Quando ero ragazzo. Quando avevo la possibilità di parlare e discutere con lo zio idealista, ero subito messo alle strette sulle conquiste del “Paradiso sovietico”, paradiso di efficienza e libertà per tutti i lavoratori.

Non avendo possibilità di verificare queste sue convinzioni, ascoltavo in silenzio e mi permettevo, unicamente, di controbattere con i vari articoli che leggevo sui Quotidiani e Riviste occidentali.

La prima volta che lo vidi critico fu in occasione di una visita nell’Est europeo, in auto e tenda, accompagnato dalla famiglia: moglie e tre figli.

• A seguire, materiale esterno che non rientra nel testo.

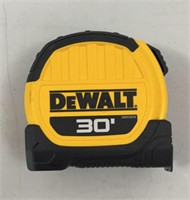 Dewalt 30ft Tape Measure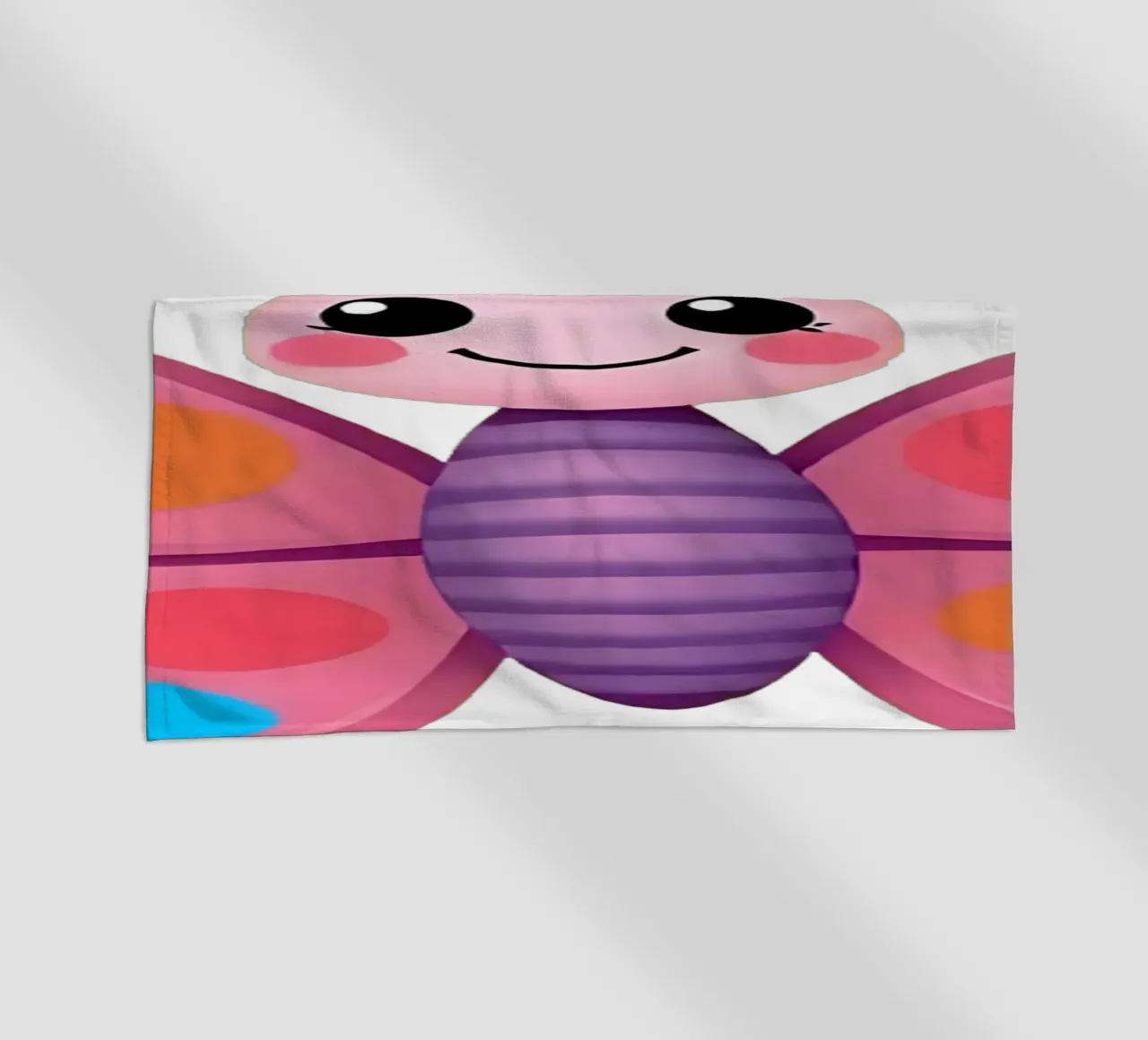 Farfalla_1a telo mare da Tierisch bunt by LK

Dopo avermi decantato la bellezza e la suntuosità della Metropolitana di Mosca, iniziò a lamentarsi, relativamente alla “rigida burocrazia”, sul fatto che il percorso stabilito all’atto della richiesta di “visto” specificasse tassativamente le strade che dovevano percorrere, senza trasgredire a tale itinerario salvo essere rinviato immediatamente in Italia.

La seconda che lo mise in crisi fu l’avventura alla frontiera Russo Finlandese.

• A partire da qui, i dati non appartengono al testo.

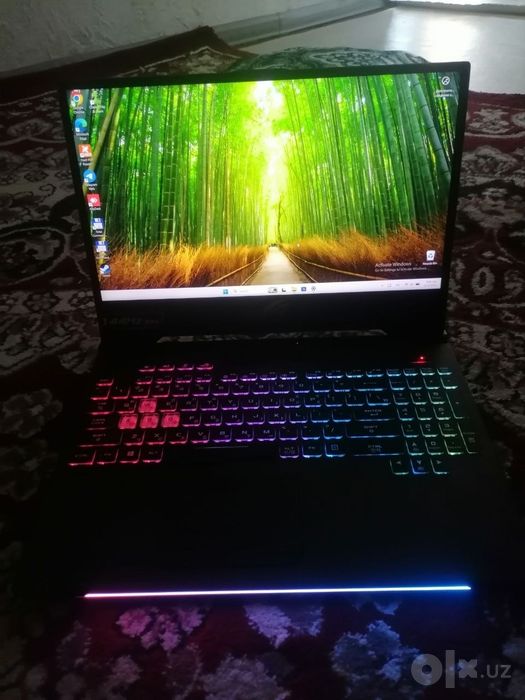 asus rog strix gl 504 g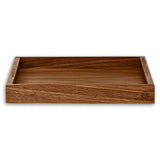 Unity Wooden Tray Walnut - AYTM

Si era attardato qualche ora a visitare Leningrado e quando giunse al posto di frontiera, lo trovò sbarrato. Le guardie lo rimproverarono perché il visto era scaduto poche ore prima e pure la Dogana Finlandese accettava il passaggio solo all’alba del giorno seguente.

Non poteva rimanere in territorio sovietico e, contemporaneamente, non poteva entrare in quello Finlandese.

Un doganiere russo, visto la composizione familiare gli permise di accamparsi nella “terra di nessuno”, ovviamente in piena campagna e senza alcun servizio.

Questa rigidità burocratica lo colpì nel lato debole “la tanto decantata ospitalità propagandata dai suoi “compagni”.

L’anno successivo si verificò la rivolta di Budapest, schiacciata ferocemente con i carri armati inviati dal Cremlino. Anche in questo caso la tanto decantata libertà socialista veniva meno in nome del ferreo controllo sugli Stati satelliti di Mosca.

La conclusione di quella rivolta con l’uccisione dei capi Ungheresi: il Presidente Imre Nagy e il Generale Pál Maléter che vennero processati e giustiziati in gran segreto dal governo di Kádár il 16 giugno 1958, dopo un processo a porte chiuse durato cinque giorni. Jozsef Szilagyi, capo della segreteria di Nagy, era già stato giustiziato due mesi prima, probabilmente fu il colpo finale alle sue illusioni.

Non ammise direttamente di essere stato ingannato nei suoi ideali, solo stracciò la tessera del PCI.

Neo giorni della rivolta, ricordo che portai sul bavero della giacca la coccarda della bandiera Ungherese e forse questo fece pià male allo zio rispetto all’abbandono del Partito sul quale cullava le sue speranze di libertà e democrazia popolare.